▶ WHAT NEEDS TO BE DONE
Write out the following listing's lines from the one with "Електрочайник MG-984 чайник-термос" to the one with "Women's 711 Blue", exactly, with both included and no others.

▶ PROVIDED DATA
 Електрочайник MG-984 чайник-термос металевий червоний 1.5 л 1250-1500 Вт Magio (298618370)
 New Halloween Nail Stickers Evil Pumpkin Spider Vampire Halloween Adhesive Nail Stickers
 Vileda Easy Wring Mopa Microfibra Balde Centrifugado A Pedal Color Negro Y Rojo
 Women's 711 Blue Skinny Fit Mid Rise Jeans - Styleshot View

==

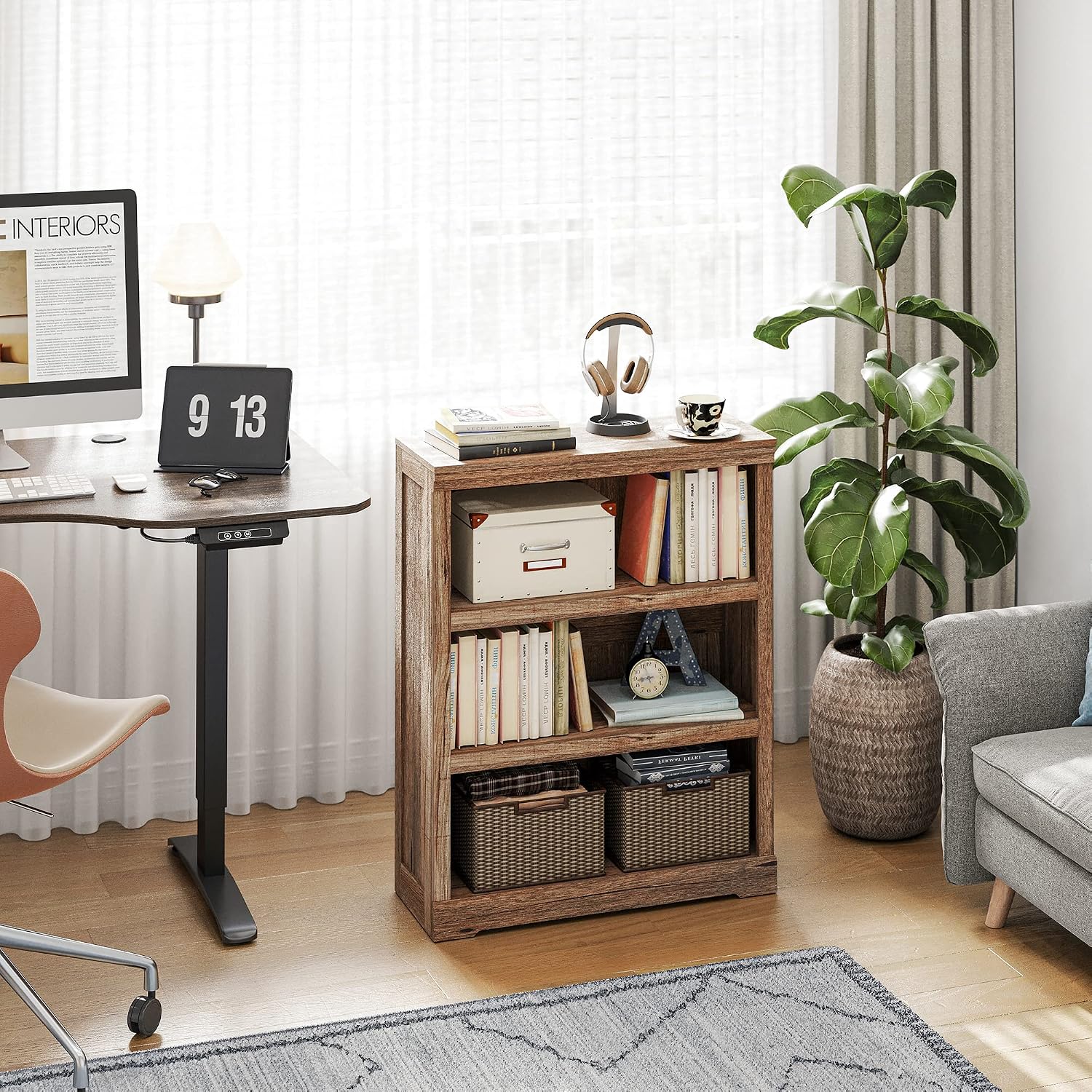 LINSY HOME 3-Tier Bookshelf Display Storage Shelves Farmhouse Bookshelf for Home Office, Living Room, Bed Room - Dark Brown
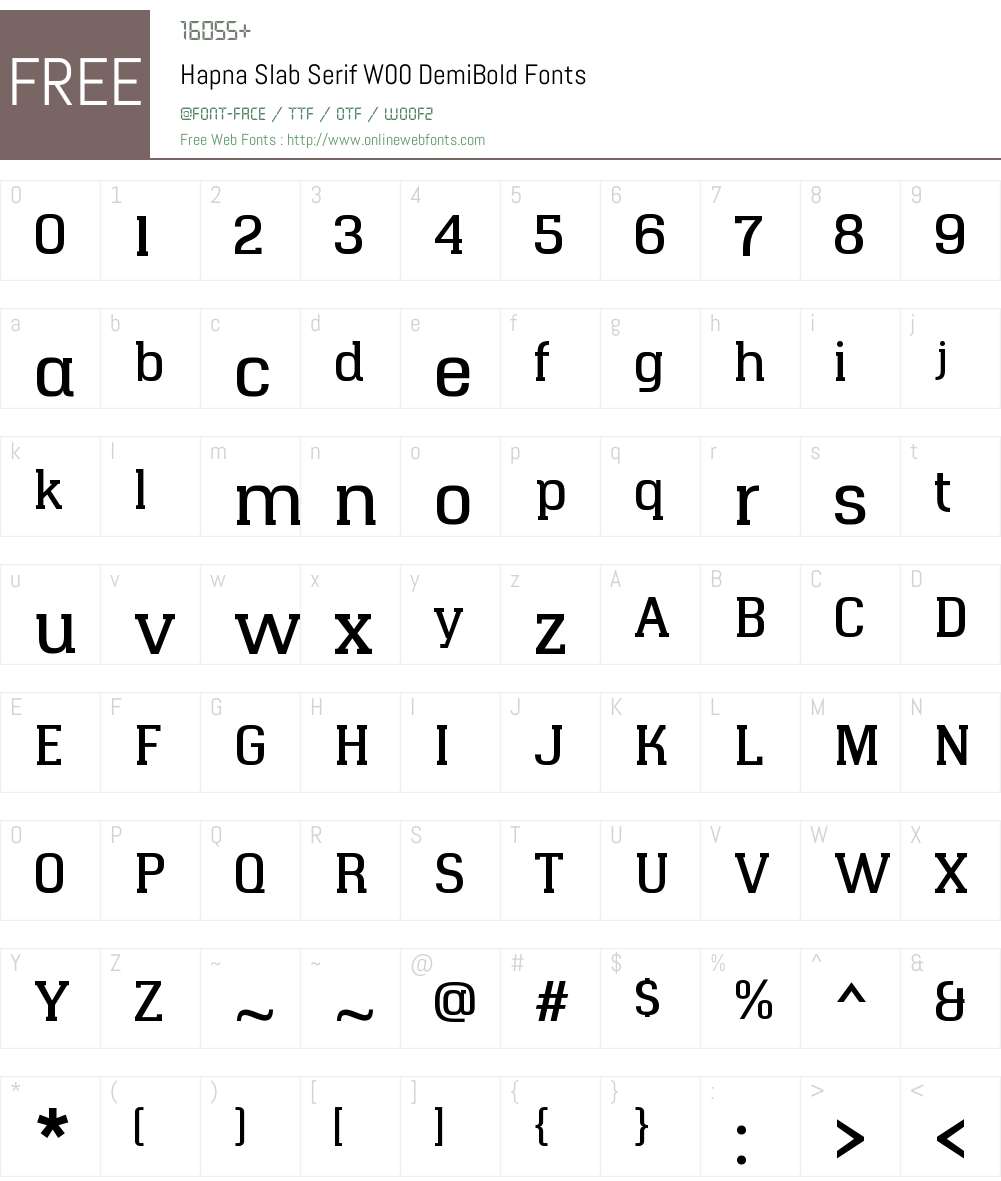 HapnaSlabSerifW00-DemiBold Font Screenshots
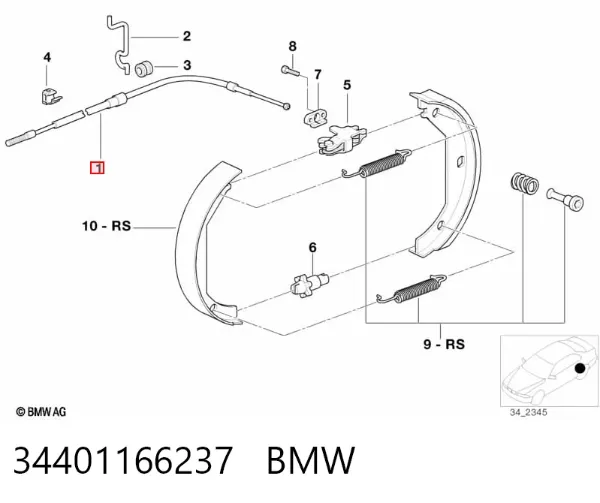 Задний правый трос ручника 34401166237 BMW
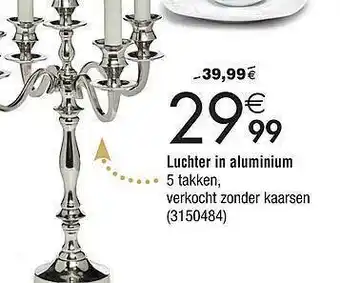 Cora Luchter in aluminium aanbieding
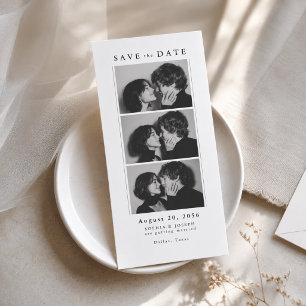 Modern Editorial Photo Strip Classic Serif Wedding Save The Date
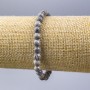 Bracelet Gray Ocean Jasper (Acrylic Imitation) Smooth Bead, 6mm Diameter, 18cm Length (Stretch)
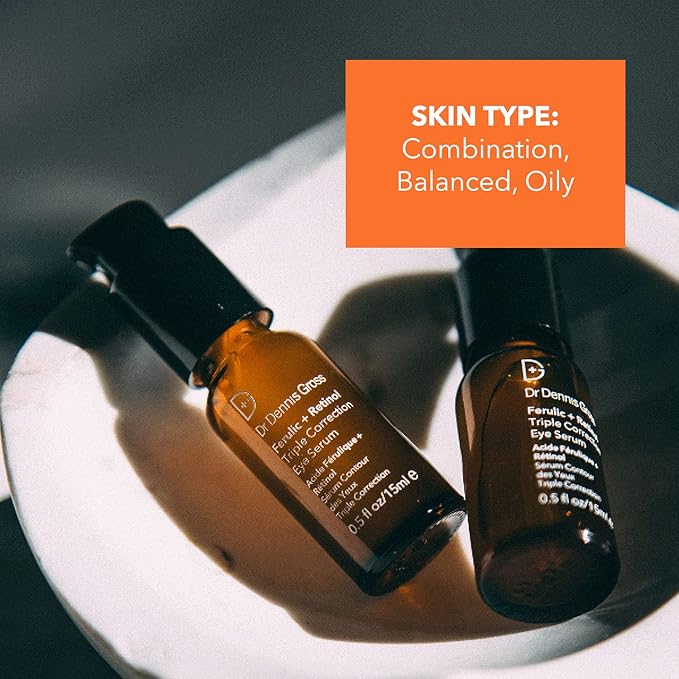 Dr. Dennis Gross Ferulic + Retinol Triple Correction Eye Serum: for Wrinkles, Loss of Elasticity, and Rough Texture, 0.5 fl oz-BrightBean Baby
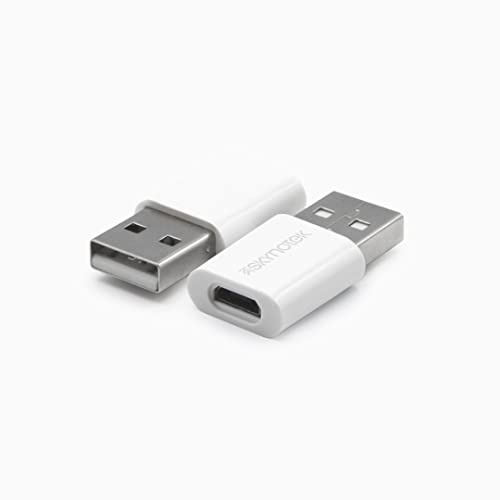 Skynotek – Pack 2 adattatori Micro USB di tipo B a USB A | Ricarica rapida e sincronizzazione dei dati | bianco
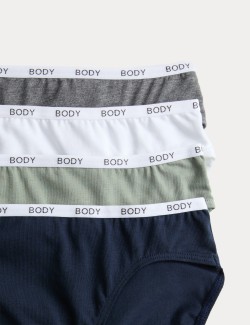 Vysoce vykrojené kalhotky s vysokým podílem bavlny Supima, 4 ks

▶ ANSWER SECTION
 Електрочайник MG-984 чайник-термос металевий червоний 1.5 л 1250-1500 Вт Magio (298618370)
 New Halloween Nail Stickers Evil Pumpkin Spider Vampire Halloween Adhesive Nail Stickers
 Vileda Easy Wring Mopa Microfibra Balde Centrifugado A Pedal Color Negro Y Rojo
 Women's 711 Blue Skinny Fit Mid Rise Jeans - Styleshot View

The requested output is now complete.